Please find all lines in the data that hold the string "plug" and copy them.

--

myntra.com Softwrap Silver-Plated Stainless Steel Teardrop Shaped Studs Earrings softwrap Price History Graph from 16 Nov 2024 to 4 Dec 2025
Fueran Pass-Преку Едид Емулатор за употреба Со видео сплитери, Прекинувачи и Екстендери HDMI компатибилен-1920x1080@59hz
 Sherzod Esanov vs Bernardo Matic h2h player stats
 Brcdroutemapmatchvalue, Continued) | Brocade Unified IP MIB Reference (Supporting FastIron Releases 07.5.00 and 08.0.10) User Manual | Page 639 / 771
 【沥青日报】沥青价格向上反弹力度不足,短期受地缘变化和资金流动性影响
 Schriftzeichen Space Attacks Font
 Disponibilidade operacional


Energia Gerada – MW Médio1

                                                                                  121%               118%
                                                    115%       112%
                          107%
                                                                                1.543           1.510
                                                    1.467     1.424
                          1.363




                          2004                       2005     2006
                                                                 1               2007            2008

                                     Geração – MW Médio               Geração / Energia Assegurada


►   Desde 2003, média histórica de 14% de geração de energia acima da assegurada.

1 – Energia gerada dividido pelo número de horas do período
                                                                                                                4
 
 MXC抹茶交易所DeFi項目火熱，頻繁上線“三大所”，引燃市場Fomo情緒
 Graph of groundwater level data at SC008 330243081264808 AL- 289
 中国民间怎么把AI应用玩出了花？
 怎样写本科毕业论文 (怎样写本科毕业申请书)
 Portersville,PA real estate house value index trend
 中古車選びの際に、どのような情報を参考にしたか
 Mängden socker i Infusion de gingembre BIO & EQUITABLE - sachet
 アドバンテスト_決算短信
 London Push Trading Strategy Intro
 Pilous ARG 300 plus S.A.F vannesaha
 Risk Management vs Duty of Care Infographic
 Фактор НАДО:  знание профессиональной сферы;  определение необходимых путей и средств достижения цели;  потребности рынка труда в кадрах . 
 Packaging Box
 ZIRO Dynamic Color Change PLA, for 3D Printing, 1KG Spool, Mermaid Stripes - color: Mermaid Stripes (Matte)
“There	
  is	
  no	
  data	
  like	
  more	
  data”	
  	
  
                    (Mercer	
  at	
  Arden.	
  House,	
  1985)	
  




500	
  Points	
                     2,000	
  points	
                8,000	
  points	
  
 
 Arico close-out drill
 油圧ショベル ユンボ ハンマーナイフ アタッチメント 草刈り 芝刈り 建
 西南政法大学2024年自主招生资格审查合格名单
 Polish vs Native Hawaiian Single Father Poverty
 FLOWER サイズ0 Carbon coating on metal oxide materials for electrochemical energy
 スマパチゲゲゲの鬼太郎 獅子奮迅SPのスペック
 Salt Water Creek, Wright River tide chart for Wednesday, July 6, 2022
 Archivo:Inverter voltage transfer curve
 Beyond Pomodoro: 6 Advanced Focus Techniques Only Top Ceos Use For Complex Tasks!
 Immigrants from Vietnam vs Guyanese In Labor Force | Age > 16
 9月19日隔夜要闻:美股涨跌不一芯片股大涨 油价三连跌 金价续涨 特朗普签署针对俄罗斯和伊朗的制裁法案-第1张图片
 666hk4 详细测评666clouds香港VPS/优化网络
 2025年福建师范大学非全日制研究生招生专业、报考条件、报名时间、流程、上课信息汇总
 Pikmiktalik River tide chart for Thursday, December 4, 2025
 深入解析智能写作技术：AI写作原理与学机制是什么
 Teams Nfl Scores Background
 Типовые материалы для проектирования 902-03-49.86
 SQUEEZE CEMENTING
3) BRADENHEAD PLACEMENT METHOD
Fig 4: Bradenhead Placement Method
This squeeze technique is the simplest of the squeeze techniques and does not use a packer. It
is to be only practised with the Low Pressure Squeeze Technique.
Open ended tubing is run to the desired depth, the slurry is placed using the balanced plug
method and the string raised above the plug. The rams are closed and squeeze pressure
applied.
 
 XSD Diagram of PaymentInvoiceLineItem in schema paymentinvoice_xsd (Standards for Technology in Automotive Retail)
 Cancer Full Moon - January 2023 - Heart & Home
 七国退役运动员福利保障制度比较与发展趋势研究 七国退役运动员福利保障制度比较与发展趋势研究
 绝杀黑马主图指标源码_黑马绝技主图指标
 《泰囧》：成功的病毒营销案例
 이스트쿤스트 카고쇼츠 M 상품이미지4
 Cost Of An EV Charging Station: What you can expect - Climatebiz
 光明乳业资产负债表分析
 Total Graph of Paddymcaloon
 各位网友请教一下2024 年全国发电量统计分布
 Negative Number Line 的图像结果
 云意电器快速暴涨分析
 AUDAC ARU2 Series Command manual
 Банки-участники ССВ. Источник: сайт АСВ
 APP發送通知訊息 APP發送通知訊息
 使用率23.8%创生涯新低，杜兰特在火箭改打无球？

--

Result of the exercise —
Open ended tubing is run to the desired depth, the slurry is placed using the balanced plug
method and the string raised above the plug. The rams are closed and squeeze pressure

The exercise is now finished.